* Input:
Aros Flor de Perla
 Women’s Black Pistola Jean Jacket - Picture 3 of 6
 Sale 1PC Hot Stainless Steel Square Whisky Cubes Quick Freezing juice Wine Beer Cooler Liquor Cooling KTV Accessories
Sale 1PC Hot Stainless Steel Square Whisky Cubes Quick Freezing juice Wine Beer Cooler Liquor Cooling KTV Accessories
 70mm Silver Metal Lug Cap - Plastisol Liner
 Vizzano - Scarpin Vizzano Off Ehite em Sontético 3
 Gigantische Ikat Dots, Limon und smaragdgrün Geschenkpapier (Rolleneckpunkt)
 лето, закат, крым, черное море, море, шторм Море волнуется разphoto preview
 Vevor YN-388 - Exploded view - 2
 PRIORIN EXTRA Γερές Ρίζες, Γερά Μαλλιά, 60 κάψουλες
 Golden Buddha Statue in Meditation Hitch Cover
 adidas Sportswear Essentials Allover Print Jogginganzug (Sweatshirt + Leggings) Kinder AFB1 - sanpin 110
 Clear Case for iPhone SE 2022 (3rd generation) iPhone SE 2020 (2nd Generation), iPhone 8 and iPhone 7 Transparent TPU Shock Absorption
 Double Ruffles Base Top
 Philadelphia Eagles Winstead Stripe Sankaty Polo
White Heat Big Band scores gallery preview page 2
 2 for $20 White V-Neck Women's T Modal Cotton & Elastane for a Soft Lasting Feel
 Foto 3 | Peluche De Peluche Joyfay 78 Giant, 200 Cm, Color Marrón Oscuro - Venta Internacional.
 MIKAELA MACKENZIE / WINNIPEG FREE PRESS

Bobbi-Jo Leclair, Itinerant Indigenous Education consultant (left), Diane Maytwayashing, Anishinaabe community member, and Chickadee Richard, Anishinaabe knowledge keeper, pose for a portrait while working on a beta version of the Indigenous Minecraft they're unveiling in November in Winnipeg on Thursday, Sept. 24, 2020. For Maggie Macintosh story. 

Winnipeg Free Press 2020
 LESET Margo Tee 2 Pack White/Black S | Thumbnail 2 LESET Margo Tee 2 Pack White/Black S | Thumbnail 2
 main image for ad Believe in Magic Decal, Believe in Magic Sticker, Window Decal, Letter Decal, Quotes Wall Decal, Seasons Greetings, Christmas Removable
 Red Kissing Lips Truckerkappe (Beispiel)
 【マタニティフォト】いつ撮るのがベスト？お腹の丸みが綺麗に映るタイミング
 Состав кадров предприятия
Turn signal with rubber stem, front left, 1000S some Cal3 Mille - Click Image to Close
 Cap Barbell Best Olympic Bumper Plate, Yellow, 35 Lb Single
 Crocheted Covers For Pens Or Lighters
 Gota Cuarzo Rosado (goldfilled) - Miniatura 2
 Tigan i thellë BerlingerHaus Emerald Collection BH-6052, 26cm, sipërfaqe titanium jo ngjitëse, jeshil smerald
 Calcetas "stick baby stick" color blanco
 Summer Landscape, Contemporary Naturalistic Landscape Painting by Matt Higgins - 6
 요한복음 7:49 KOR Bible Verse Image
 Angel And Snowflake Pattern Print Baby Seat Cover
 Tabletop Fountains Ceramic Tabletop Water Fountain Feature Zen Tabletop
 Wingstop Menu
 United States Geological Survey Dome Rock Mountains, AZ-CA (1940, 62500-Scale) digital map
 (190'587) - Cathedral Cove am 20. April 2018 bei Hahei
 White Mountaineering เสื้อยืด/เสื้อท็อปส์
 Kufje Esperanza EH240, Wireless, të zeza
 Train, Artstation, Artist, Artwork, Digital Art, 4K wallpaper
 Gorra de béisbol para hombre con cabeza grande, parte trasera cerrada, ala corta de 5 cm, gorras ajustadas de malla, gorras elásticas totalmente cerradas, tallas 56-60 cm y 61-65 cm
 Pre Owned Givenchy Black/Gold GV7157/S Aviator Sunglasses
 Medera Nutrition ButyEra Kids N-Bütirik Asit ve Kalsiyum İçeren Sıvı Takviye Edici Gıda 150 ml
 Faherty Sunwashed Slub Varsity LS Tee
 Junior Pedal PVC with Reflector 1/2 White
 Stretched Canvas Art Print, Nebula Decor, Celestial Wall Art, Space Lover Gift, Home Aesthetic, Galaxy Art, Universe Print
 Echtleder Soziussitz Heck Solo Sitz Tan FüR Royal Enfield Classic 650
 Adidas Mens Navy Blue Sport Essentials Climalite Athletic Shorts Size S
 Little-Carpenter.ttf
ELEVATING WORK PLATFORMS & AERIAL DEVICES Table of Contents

* Work order: Filter the listing for the word "Beer" and copy every line that holds it.

* Response box:
 Sale 1PC Hot Stainless Steel Square Whisky Cubes Quick Freezing juice Wine Beer Cooler Liquor Cooling KTV Accessories
Sale 1PC Hot Stainless Steel Square Whisky Cubes Quick Freezing juice Wine Beer Cooler Liquor Cooling KTV Accessories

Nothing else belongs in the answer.